*** Opening DATASET CONTENT ***

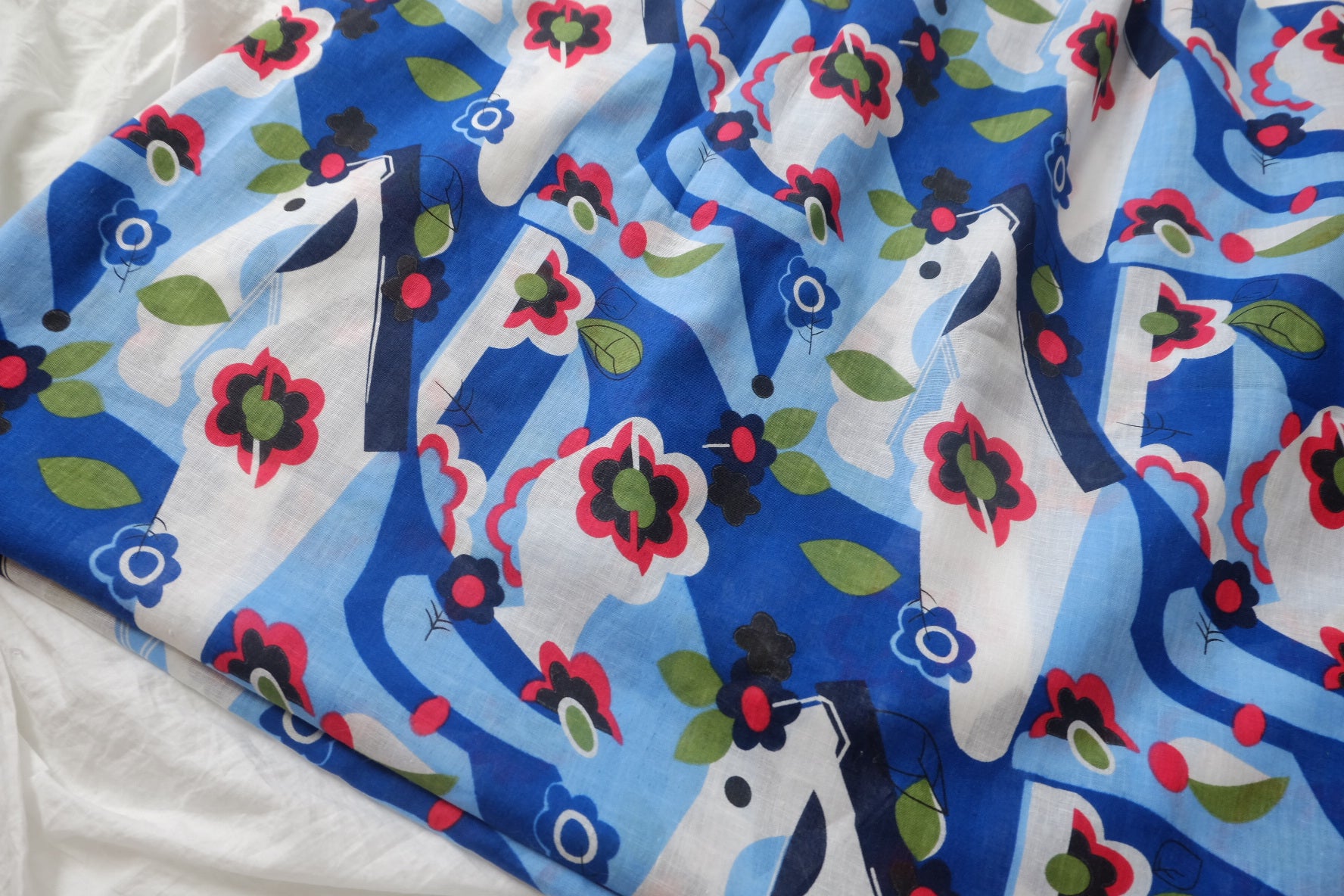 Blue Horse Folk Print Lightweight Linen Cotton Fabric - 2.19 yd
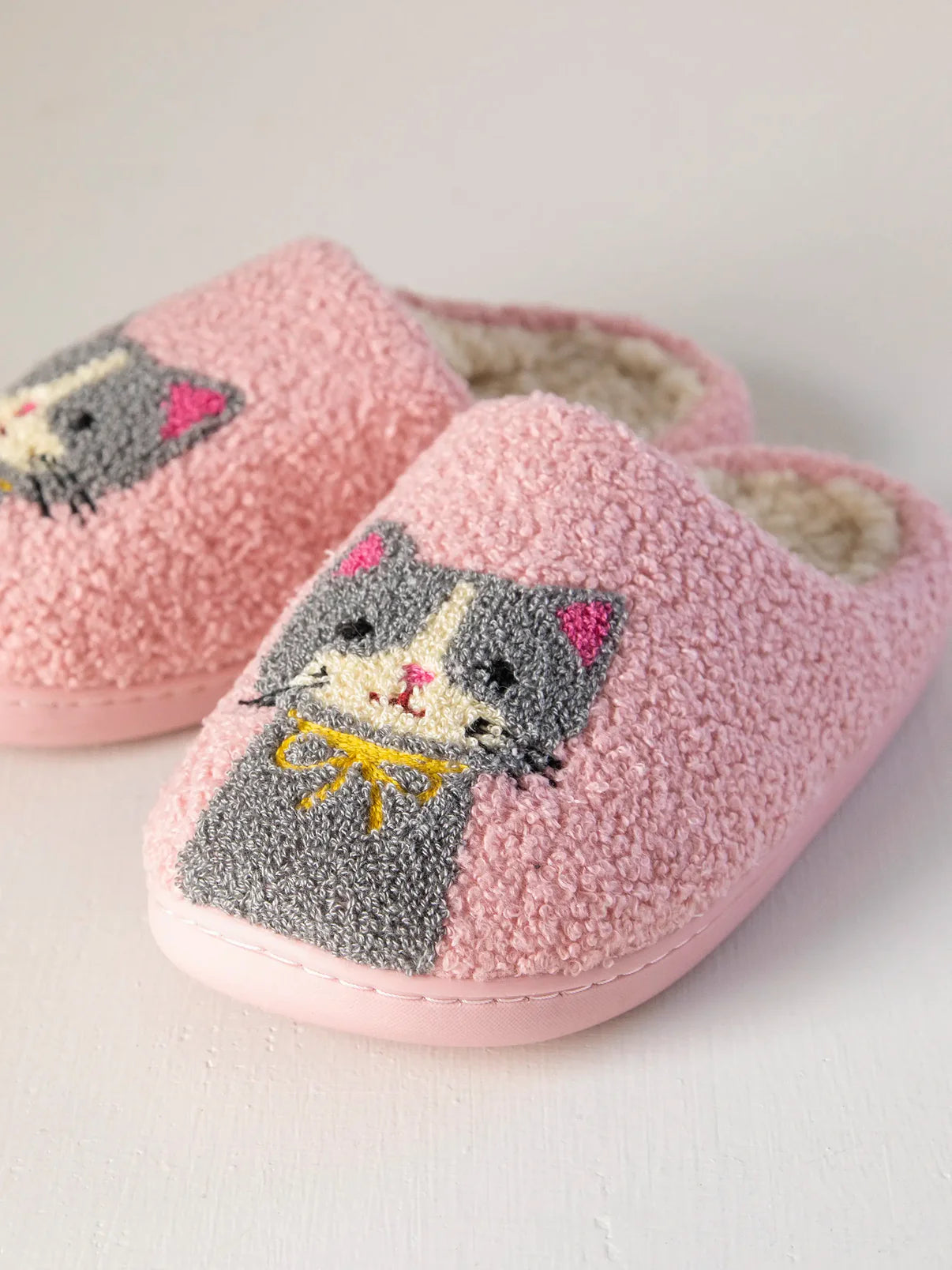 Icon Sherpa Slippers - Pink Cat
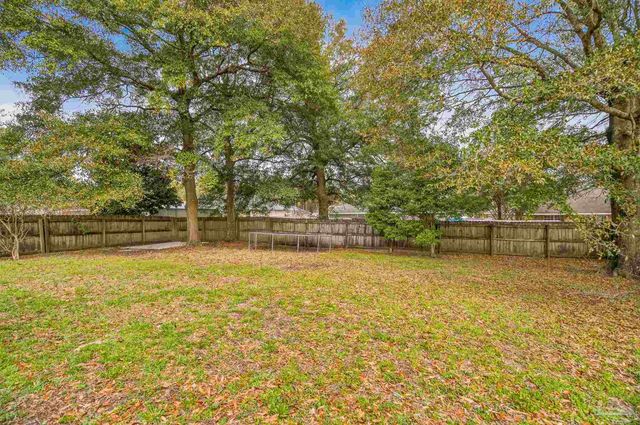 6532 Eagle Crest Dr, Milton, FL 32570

*** Closing DATASET CONTENT ***

> TASK TO CARRY OUT
When you repeat the data, keep every line exact and drop the images.

> SOLUTION TO THIS TASK
 Blue Horse Folk Print Lightweight Linen Cotton Fabric - 2.19 yd
 Icon Sherpa Slippers - Pink Cat
 6532 Eagle Crest Dr, Milton, FL 32570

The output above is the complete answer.